EXERCISE MATERIAL —
--- START ---

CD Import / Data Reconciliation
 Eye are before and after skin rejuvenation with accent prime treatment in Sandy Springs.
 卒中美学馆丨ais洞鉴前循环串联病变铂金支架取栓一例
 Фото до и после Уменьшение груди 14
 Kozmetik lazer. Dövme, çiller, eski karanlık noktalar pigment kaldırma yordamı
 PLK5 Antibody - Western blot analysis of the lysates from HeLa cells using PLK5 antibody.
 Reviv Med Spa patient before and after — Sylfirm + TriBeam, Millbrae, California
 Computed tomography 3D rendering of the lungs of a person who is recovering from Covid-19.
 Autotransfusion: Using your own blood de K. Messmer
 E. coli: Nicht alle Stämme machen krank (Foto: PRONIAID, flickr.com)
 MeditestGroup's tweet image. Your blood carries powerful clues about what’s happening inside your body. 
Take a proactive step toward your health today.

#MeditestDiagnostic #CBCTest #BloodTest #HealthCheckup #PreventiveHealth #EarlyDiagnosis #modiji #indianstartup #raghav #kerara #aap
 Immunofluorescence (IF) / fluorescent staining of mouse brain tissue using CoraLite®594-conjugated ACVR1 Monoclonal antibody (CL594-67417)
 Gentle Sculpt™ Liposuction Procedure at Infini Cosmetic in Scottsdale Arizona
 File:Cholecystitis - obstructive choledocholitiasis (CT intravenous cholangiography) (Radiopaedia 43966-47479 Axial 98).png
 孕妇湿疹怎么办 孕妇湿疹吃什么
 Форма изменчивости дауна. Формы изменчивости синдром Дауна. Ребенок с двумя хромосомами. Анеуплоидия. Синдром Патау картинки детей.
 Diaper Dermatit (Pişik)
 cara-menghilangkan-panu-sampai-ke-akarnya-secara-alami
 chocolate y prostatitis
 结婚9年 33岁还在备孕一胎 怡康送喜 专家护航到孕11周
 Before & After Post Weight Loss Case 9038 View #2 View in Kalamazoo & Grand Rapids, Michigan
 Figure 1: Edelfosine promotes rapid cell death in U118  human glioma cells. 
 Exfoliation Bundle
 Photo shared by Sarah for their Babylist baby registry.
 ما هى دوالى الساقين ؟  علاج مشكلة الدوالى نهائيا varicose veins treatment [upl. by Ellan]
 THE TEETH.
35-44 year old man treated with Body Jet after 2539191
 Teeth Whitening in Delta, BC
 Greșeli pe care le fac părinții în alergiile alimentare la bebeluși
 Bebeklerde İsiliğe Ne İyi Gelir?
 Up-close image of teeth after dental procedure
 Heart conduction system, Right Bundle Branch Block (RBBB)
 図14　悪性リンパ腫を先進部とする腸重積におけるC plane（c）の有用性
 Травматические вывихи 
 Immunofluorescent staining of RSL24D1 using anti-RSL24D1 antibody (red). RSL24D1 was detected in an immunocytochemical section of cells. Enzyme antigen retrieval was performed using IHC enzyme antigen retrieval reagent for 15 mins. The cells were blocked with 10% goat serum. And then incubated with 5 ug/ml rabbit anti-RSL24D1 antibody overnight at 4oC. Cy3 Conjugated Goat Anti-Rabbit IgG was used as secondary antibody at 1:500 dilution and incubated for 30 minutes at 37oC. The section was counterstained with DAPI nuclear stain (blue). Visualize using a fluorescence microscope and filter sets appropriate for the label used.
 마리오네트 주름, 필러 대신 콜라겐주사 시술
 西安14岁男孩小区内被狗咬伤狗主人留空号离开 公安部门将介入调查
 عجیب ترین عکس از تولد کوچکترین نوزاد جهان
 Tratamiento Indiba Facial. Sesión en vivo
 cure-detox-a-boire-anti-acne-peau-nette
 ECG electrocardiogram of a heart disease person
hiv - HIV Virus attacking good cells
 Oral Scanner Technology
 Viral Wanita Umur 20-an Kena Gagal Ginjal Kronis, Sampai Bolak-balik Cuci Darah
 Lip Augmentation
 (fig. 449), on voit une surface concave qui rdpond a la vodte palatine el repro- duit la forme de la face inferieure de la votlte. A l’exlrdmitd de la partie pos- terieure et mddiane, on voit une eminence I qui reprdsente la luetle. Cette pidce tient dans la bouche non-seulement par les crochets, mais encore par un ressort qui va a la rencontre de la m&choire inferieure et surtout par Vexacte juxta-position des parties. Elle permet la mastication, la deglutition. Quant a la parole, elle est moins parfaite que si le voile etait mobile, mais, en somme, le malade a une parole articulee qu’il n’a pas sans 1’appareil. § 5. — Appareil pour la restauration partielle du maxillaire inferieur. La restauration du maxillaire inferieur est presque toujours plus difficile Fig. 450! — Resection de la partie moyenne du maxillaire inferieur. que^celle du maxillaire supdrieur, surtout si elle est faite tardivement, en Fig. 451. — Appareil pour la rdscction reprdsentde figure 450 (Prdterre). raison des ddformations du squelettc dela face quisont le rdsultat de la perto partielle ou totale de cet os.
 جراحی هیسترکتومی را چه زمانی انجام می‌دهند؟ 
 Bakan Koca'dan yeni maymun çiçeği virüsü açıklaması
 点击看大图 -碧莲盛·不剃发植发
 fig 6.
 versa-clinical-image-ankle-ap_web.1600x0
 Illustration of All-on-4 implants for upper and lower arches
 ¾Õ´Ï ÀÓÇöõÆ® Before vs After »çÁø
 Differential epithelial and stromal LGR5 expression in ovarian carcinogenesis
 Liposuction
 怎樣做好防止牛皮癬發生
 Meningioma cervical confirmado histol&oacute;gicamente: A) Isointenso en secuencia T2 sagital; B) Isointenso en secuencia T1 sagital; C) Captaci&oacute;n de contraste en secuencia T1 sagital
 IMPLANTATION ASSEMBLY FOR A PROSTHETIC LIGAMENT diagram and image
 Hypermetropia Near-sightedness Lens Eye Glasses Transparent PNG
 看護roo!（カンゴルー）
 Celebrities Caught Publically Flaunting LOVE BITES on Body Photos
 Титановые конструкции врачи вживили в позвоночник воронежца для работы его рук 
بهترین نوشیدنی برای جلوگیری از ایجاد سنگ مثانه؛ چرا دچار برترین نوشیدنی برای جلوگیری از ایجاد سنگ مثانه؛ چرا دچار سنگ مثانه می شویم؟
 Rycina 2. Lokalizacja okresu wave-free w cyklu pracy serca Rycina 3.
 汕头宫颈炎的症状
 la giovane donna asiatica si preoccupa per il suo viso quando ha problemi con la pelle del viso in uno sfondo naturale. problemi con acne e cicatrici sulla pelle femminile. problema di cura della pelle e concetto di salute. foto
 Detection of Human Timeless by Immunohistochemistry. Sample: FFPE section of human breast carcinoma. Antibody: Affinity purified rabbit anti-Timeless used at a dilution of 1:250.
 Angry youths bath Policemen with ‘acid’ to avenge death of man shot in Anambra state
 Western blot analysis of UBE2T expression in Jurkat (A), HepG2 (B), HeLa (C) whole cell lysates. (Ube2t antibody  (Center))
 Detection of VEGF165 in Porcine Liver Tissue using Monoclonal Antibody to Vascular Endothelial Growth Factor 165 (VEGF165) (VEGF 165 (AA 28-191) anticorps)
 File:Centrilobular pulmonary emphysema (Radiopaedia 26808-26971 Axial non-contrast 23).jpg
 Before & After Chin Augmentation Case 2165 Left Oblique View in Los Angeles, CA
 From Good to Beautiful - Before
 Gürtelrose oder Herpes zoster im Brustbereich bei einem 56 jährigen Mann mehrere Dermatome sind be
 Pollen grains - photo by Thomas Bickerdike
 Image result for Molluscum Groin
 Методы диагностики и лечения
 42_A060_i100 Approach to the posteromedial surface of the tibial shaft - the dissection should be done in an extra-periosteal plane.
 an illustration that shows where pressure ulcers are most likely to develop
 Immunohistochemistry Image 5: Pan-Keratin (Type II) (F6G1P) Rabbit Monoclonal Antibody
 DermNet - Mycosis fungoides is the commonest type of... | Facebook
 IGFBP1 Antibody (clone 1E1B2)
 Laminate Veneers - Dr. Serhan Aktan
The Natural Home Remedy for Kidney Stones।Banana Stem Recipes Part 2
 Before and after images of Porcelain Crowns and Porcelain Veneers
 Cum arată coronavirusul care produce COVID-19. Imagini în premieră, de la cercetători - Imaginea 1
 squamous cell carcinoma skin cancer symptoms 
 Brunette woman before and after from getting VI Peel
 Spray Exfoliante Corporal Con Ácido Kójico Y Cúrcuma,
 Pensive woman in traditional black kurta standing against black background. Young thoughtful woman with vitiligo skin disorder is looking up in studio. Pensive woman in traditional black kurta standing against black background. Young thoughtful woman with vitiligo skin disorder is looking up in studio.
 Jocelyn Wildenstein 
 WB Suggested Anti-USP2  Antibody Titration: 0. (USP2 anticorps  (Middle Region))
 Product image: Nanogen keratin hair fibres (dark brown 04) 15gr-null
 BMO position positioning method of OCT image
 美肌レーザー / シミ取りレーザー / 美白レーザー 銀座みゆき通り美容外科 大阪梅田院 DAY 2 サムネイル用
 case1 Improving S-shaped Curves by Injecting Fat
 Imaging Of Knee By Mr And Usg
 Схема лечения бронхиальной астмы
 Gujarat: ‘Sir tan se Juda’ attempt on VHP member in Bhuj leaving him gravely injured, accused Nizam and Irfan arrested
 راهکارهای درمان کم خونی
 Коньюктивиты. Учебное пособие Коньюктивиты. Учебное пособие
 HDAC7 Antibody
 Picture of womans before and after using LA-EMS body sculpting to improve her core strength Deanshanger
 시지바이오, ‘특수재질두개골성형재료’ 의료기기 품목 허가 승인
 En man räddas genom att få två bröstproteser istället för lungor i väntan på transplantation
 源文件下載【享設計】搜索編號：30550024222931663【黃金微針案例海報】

--- END ---

AIM OF THE EXERCISE —
Exactly as they appear, retype the lines from the start of the records through the line containing "Reviv Med Spa".

WRITTEN RESPONSE —
CD Import / Data Reconciliation
 Eye are before and after skin rejuvenation with accent prime treatment in Sandy Springs.
 卒中美学馆丨ais洞鉴前循环串联病变铂金支架取栓一例
 Фото до и после Уменьшение груди 14
 Kozmetik lazer. Dövme, çiller, eski karanlık noktalar pigment kaldırma yordamı
 PLK5 Antibody - Western blot analysis of the lysates from HeLa cells using PLK5 antibody.
 Reviv Med Spa patient before and after — Sylfirm + TriBeam, Millbrae, California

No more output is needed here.